Synthesis of tunable aryl alkyl ionic liquid-stabilized NiO nanoparticles supported reduced graphene oxide as highly efficient hole transport layer in perovskite solar cell

Abstract

This research presents a new method for synthesizing nickel oxide (NiO) nanoparticles, which are stabilized using tunable aryl alkyl ionic liquids (TAAILs) and anchored onto reduced graphene oxide (RGO). The result is a nanocomposite hole transport layer (HTL) designed for perovskite solar cells (PSCs). A major advancement of this approach is its solution to the persistent issue of impurity ion contamination typically seen in conventional NiO synthesis. By introducing the imidazolium-based ionic liquid during the formation of the nanoparticles, the process effectively blocks the adsorption of nitrate ions. This leads to formation of highly pure and crystalline NiO NPs with consistent size and uniform dispersion.
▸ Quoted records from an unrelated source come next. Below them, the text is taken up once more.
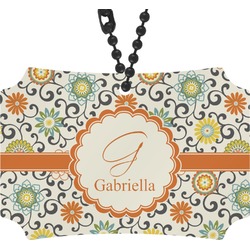 Swirls & Floral Rear View Mirror Ornament (Personalized)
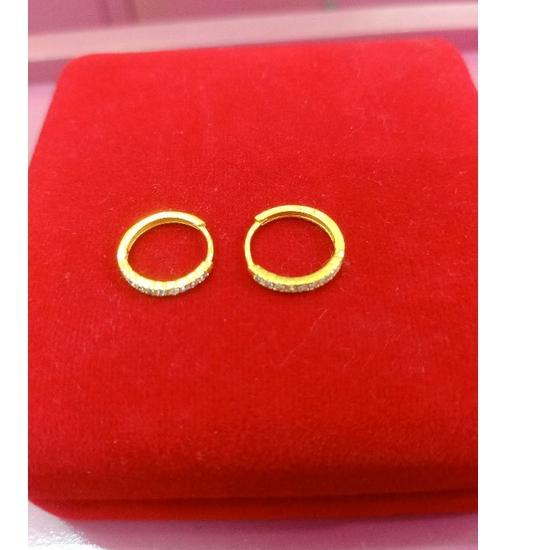 Terbagus.. ANTING JEPIT BULAT BESAR PERAK 925 LAPIS MAS
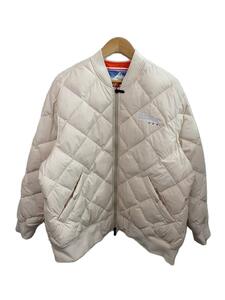 FIRST DOWN◆QUILTED BOMBER JKT/ダウンジャケット/L/ポリエステル/BEG/F342577//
The RGO-NiO-IL nanocomposite seems to make the hole-transport layer rougher and more porous, which may help move charge faster and cut down recombination. In a perovskite cell it gave about 11.2 % efficiency, about twice what a plain RGO layer did. The open-circuit voltage was around 0.97 V (±0.02) and the short-circuit current about 16.2 mA/cm² (±0.18). Its fill factor sat near 0.71 (±0.59). After four months in normal air device kept 75 % of original power. The study suggests using an ionic liquid to grow nanoparticles together with RGO can fix many problems of pure NiO HTLs, pointing to a cheaper, more stable route for large-scale solar production.